Perhaps the most damning commentary, however, is from a non-footballing perspective. The final whistle blown had barely sounded on a dreadful night for United in Bilbao before reports started to flood in about £100m transfer budgets, £150m bids for mercurial captain Bruno Fernandes, and dummy-out-of-pram bombshells from Alejandro Garnacho. The forlorn squad enjoyed an overnight stay in a lavish hotel, a chartered flight home, and (one imagines) an average of £150,000 will wend its way to their bank accounts as they prepare for the deadest of rubbers this Sunday against Aston Villa. In the aftermath of all of this, an unsettling feeling has hit me.

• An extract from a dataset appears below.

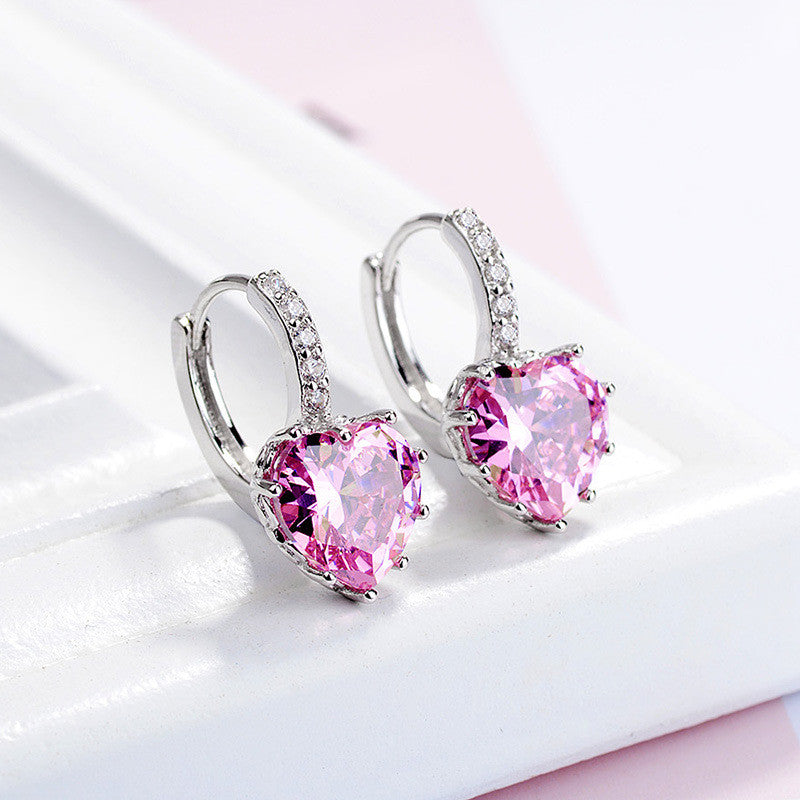 Alya női fülbevaló whitegold-pink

250 staff members were made redundant last year at the club, with any 200 planned for the end of this season. This happens at businesses, and I am not blind to that fact. United had the largest workforce in the league, and it needed addressing. But one point needs making. 14 professional football players played the way they played for 97 minutes in Bilbao on Wednesday, lost the game, and the undeniable truth is that people will now lose their jobs. The players won't. If certain players don't want to walk away from £300,000 a week, they don't have to. They can't be made to. The staff can. And they will be made to. This is not the behaviour of a bad football 'team', but the actions of a truly terribly run 'club'.
Spurs, for their part, are an excellently run football club, with stability and financial certainty at their core and in their future.
Manchester United, for so long a bad team, are now a terrible club. A club who haven't just let their fans down this season. But a club that has seen its soul ripped out and popped in an Uber with 450 of its long-serving staff. I'd be amazed if they stumped up for an Exec.
But don't worry...they're signing Liam Delap. I bet everyone's quaking in their Predators.